— Меня? — Степан Абакумович вздохнул. — Меня, пожалуй, бросит. — Он посмотрел Илье прямо в глаза. — Бросишь меня, стервец? — И пошел на него с кулаками.
Получив от старика удар в грудь, Илько, наконец, очнулся. Он широко расставил руки и, обняв Степана Абакумовича, встал, поднял его в воздух, и все рабочие в цехе загремели, зазвенели железом и закричали «ура», подбрасывая вверх рукавицы.
С этого вечера Степан Абакумович стал чувствовать у себя за спиной неприятно пристальный взгляд Василия. Моторист был странно послушен, проворные движения его выдавали твердую решимость. И старик, глядя на него, скреб щеку. Ему не хотелось, прямо руки не поднимались нанести новый удар Илье. Именно удар — Илько не мог ни о чем даже догадаться.

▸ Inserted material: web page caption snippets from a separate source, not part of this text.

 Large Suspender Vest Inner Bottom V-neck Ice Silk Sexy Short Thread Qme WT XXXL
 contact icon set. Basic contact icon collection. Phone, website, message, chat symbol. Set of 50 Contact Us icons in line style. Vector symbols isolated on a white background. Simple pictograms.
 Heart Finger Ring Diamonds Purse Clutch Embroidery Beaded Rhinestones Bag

Но белокурый контролер стоял у мастера за спиной и, отобрав лопату у Тимофея, молча командовал всем на удивленье, подбрасывая шихту, сортировал известь не хуже Степана Абакумовича. У печи о нем уже говорили: «наш ударник». Он нравился рабочим, непонятное мастеру веселье напало на них, на его «чертей». Ни на минуту не останавливаясь, они бегали от весов к печи, от печи к весам, подтаскивая шихту.
— «Тонну сниму!» Брось загодя хвалиться! — вызывающе на весь цех орал из темноты Тимофей. — Как будто мы не могли на той печи, на старушке, что-нибудь сделать!

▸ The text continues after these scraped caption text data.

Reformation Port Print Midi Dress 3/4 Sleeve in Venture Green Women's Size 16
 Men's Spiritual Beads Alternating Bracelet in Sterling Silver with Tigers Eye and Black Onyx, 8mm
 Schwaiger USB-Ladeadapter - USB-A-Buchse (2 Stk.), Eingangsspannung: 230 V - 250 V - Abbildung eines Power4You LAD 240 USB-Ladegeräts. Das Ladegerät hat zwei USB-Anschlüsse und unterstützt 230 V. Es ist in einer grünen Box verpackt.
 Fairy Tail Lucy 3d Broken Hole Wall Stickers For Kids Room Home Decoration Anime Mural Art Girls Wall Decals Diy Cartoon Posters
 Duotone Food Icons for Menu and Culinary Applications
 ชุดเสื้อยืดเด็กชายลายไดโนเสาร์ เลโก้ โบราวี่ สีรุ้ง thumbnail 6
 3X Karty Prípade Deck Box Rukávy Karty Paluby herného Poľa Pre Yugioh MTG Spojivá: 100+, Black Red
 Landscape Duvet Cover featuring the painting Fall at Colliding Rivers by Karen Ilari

— Слышь, Илько! Ты на этой, на новой, тонну сними попробуй! — кричали рабочие, с ходу высыпая перед Василием шихту, переворачивая ящик.

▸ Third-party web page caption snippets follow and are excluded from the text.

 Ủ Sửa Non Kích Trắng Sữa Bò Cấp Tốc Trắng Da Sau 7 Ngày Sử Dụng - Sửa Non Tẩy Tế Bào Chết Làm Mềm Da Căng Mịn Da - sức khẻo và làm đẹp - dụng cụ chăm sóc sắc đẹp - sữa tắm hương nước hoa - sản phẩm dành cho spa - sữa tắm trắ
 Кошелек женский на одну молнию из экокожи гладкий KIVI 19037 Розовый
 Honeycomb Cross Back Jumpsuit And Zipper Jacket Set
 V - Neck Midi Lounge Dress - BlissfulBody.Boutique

— Хо-хо-хо! — гулко отозвался Тимофей, потирая руки, проходя мимо, поглядывая то на Василия, то на соседнюю печь. — У нас тоже работать умеют!
— Прекращай базар! «Хо-хо-хо!» Петухи! — резкий басок Степана Абакумовича обрывал страсти, и у печи наступало вполне приличное молчание. Но дела это не меняло — старик видел: будет, будет новый удар Илье.
Пришел месяц май. Ночи стали еще светлее. Как по команде, зацвела сирень по всему чисто подметенному заводскому двору. У ворот вывесили доску с фотографиями лучших людей завода, и там, где всегда был портрет Ильи, теперь была приклеена фотография всем известного осанистого старичка с пробором посредине — Степана Абакумовича.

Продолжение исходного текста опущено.